◆ **Records for this task**:
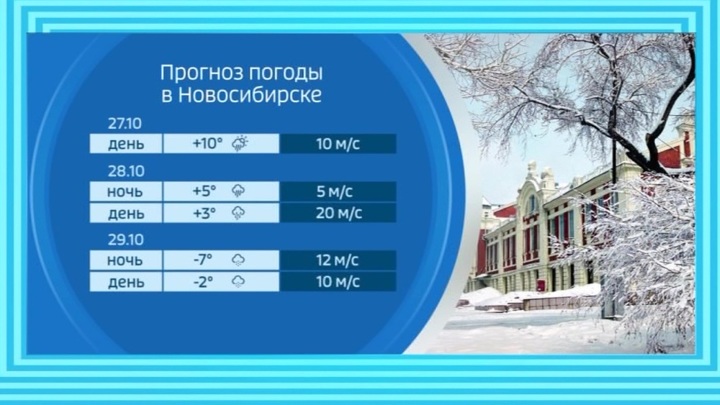 Погода сибирский на 10 дней. Прогноз погоды Сибирь. Погода 24 реклама. Температура Сибирь октябрь.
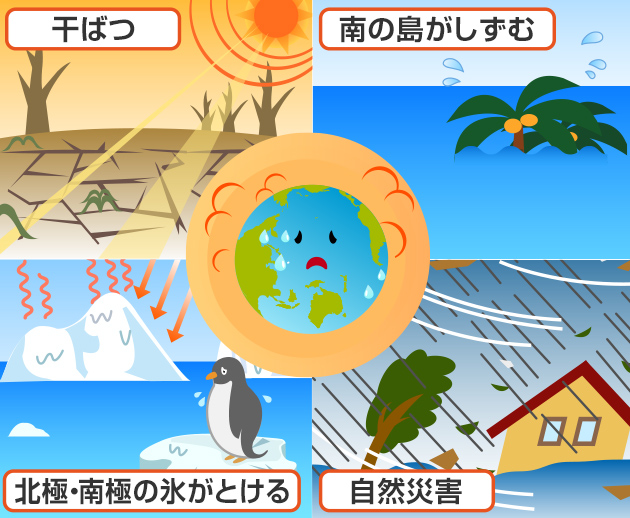 雑感 二酸化炭素排出ゼロ 宣言した日本 清志郎が生きていたら 脱炭素 についても歌っただろうか 熊本ぼちぼち新聞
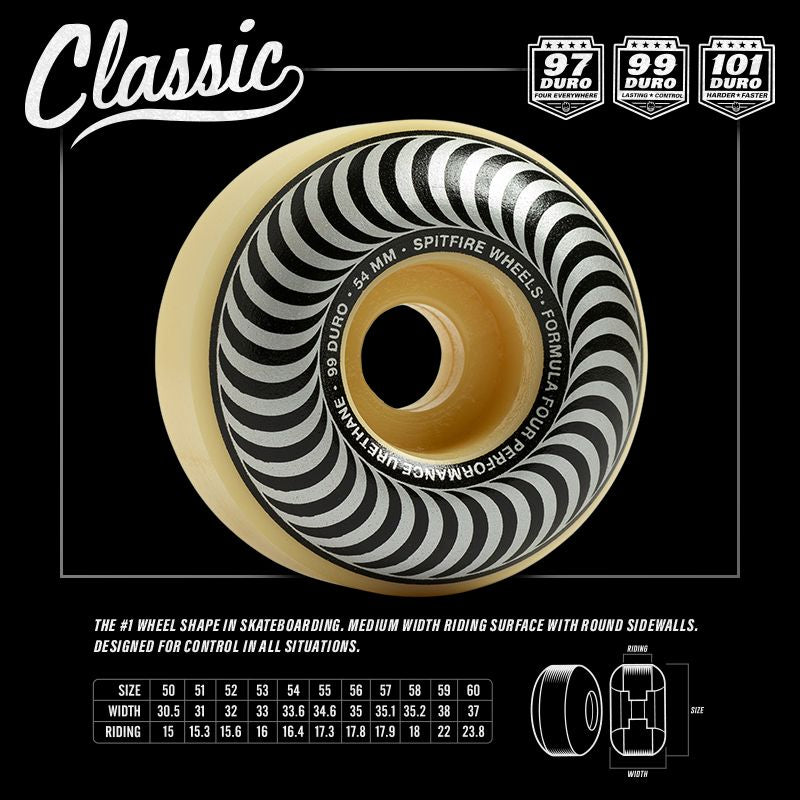 SPITFIRE X GNARHUNTER ELISSA STEAMER CLASSIC SKATEBOARD WHEELS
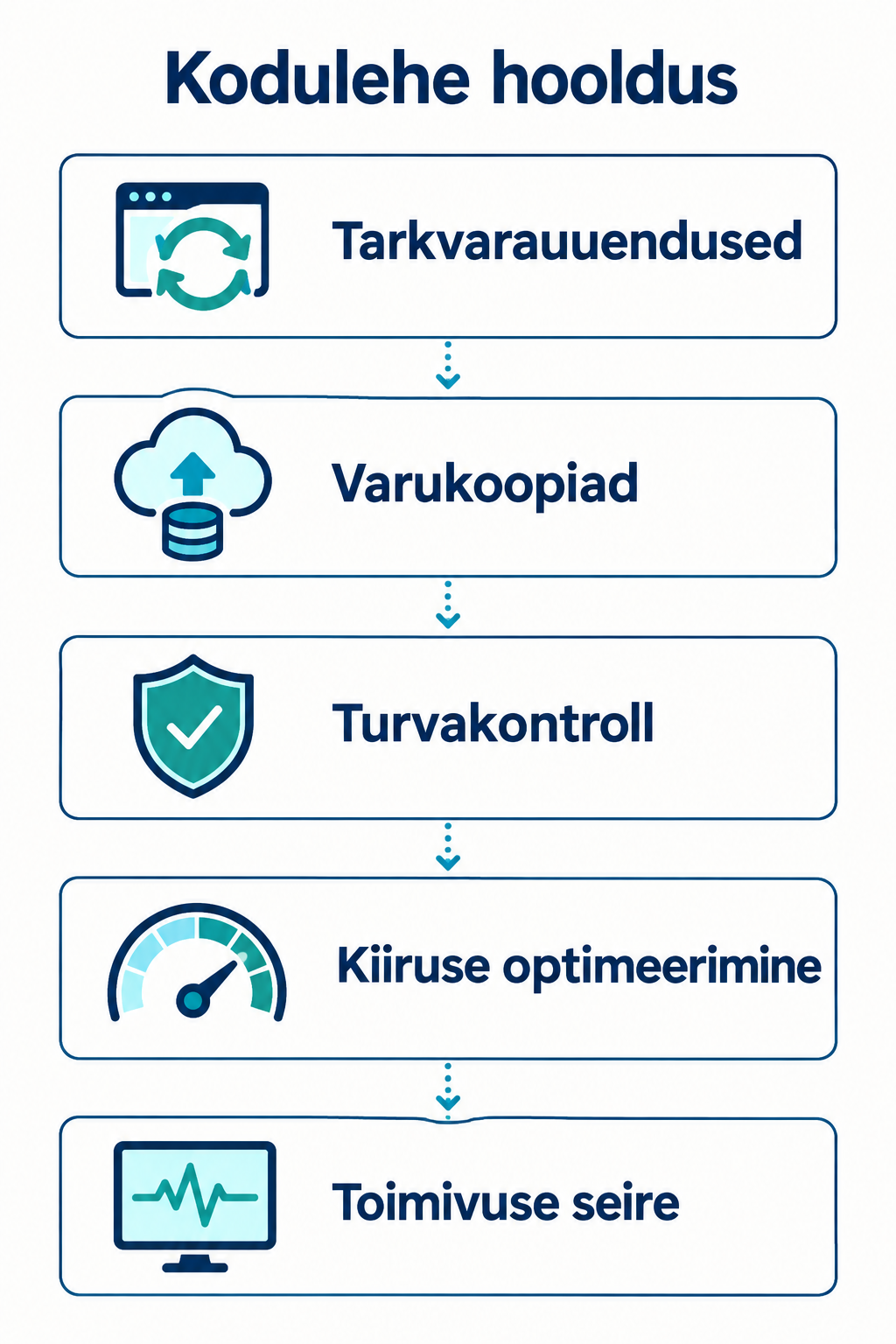 Kodulehe hoolduse viis etappi
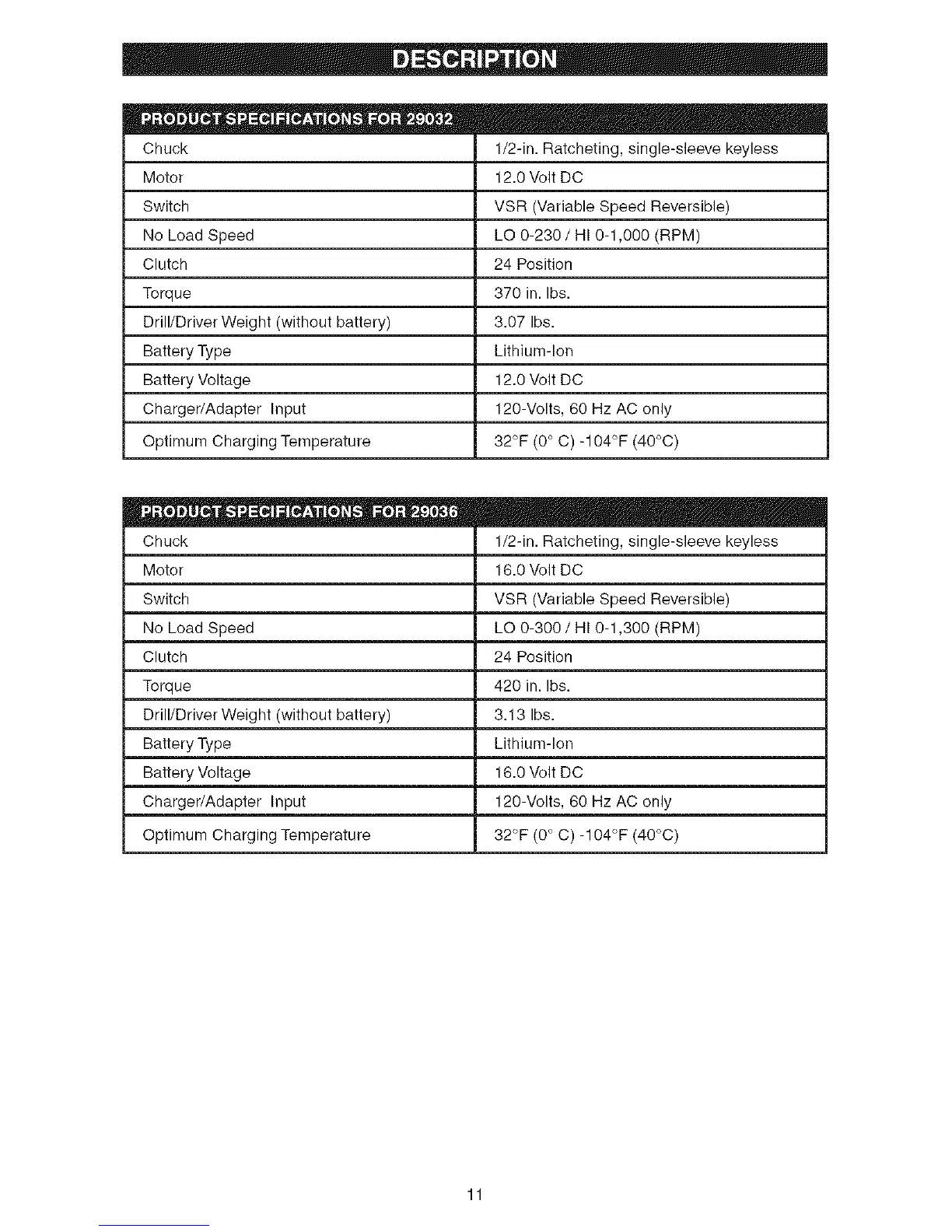 Page #11 background image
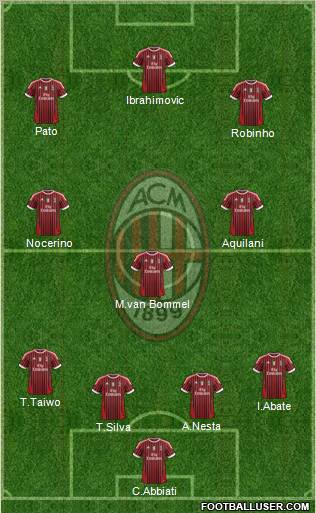 A.C. Milan Formation 2011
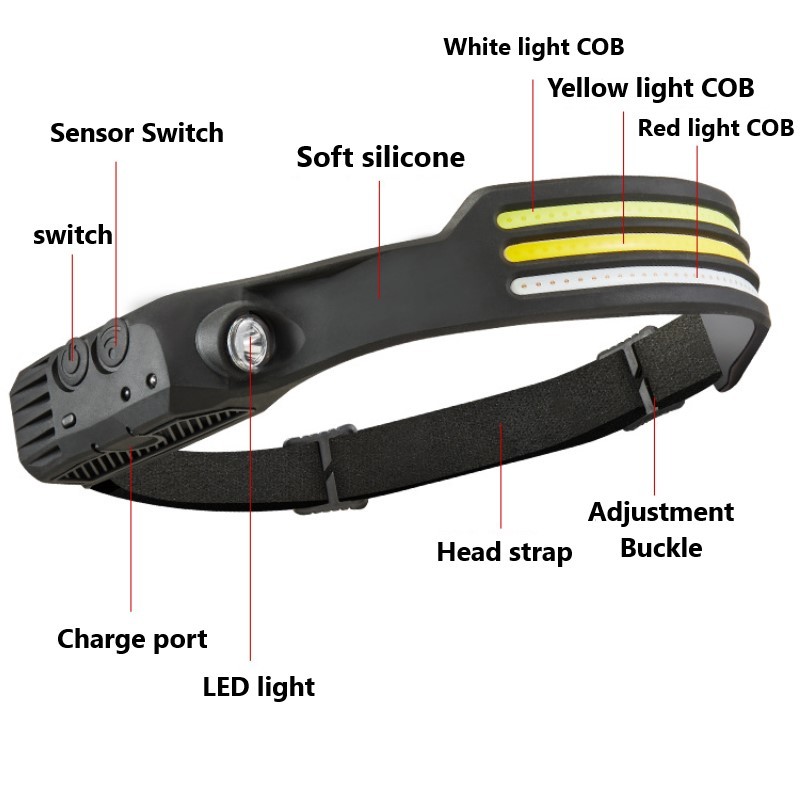 USB Rechargeable LED Sensor Headlamp
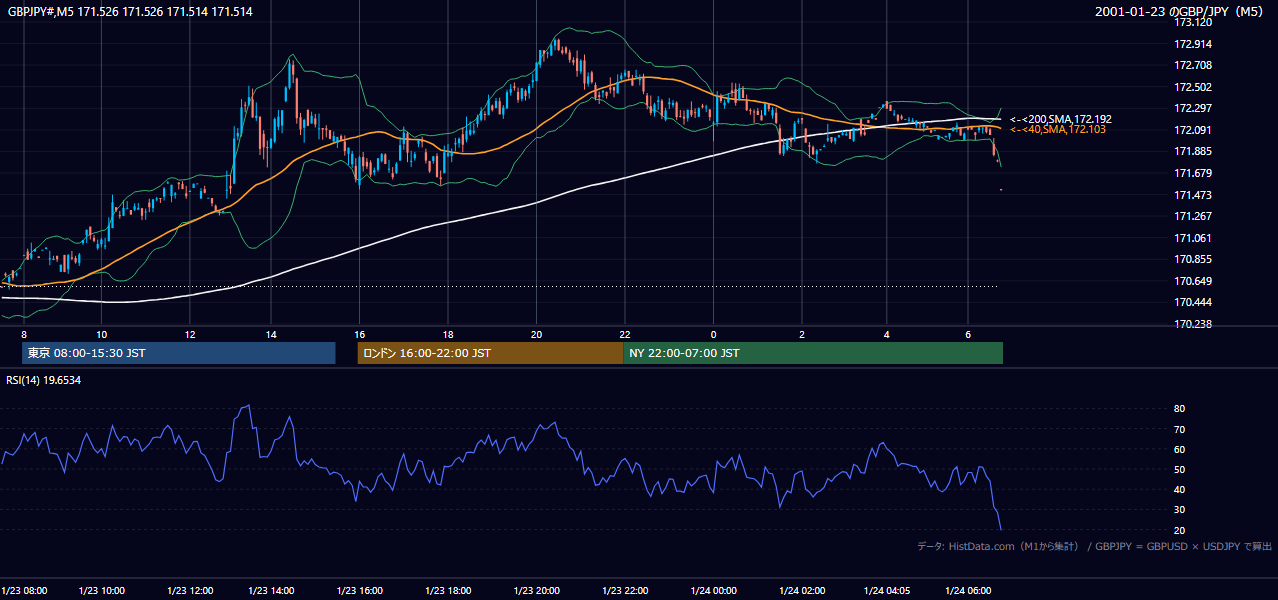 2001-01-23（火） GBP/JPY 5分足チャート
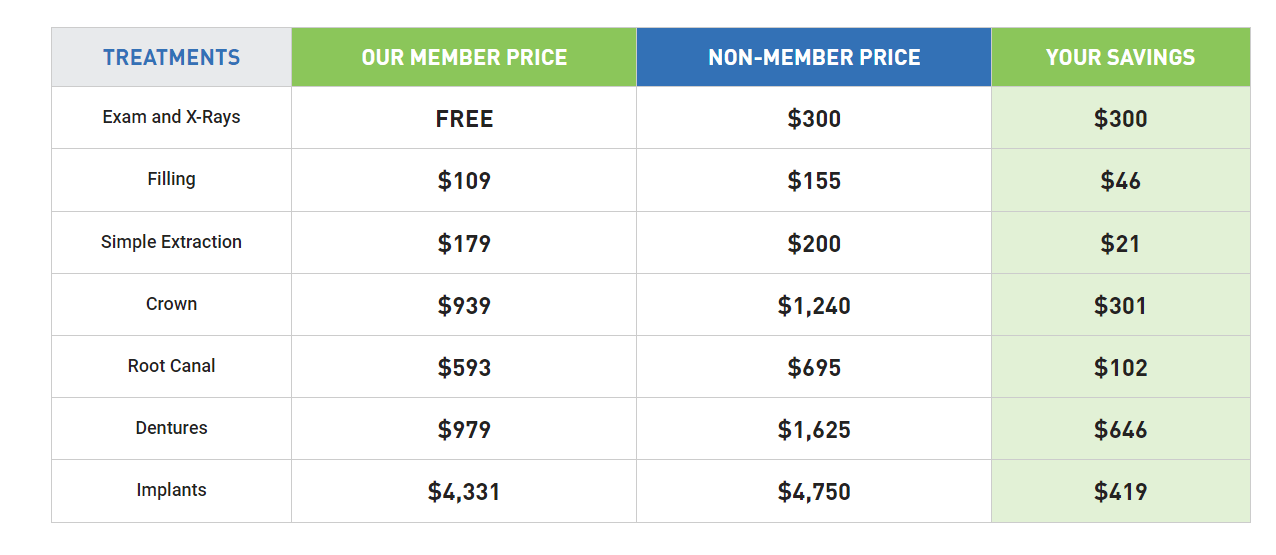 Example of a dental clinic's rates
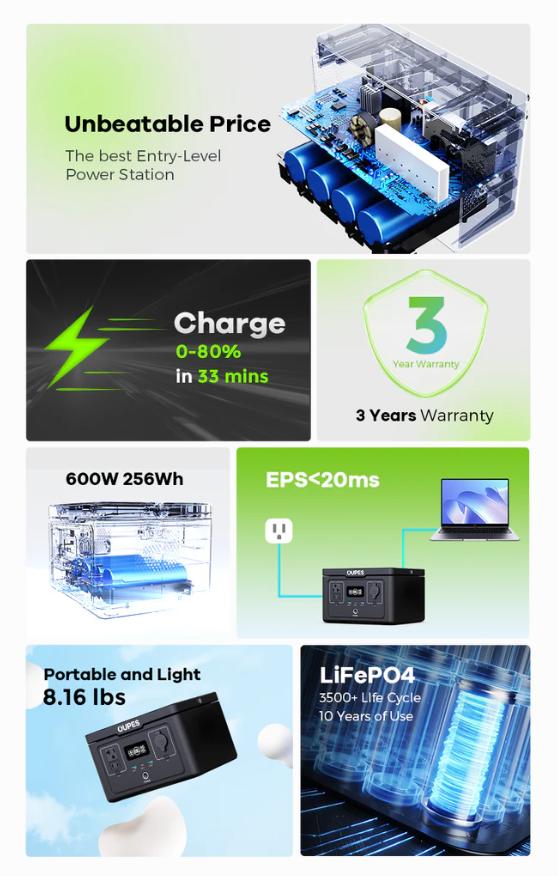 OUPES Exodus 600W, 256Wh Portable Power Station(1200w Surge), LiFePO4 Solar Generator Battery, 8.16lbs, 0-100% in 1 hour, for RV, Outdoors, Camping, Home Backup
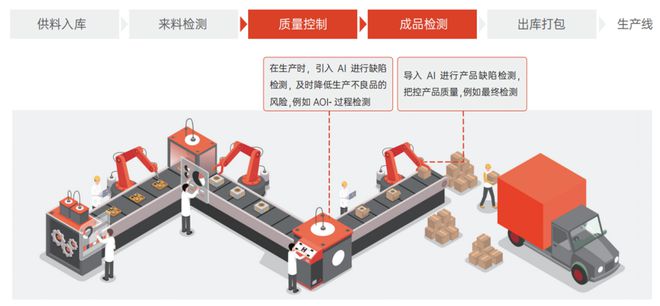 智能自动化在提高医疗服务质量中的角色_自动化在医疗设备的应用的论文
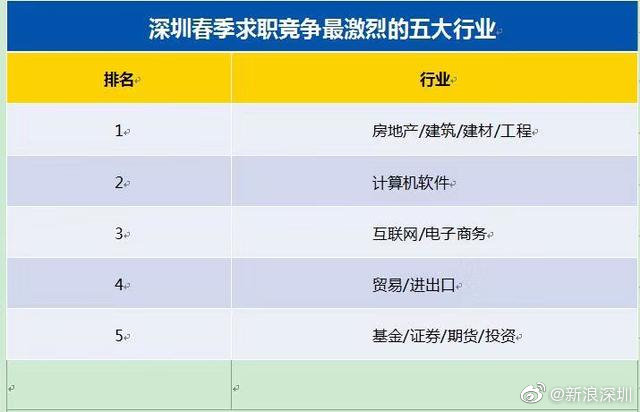深圳春季求职期平均月薪11107元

◆ **Description of the task**: Using the records above, retype everything exactly except the pictures.

◆ **Answer box**:
 Погода сибирский на 10 дней. Прогноз погоды Сибирь. Погода 24 реклама. Температура Сибирь октябрь.
 雑感 二酸化炭素排出ゼロ 宣言した日本 清志郎が生きていたら 脱炭素 についても歌っただろうか 熊本ぼちぼち新聞
 SPITFIRE X GNARHUNTER ELISSA STEAMER CLASSIC SKATEBOARD WHEELS
 Kodulehe hoolduse viis etappi
 Page #11 background image
 A.C. Milan Formation 2011
 USB Rechargeable LED Sensor Headlamp
 2001-01-23（火） GBP/JPY 5分足チャート
 Example of a dental clinic's rates
 OUPES Exodus 600W, 256Wh Portable Power Station(1200w Surge), LiFePO4 Solar Generator Battery, 8.16lbs, 0-100% in 1 hour, for RV, Outdoors, Camping, Home Backup
 智能自动化在提高医疗服务质量中的角色_自动化在医疗设备的应用的论文
深圳春季求职期平均月薪11107元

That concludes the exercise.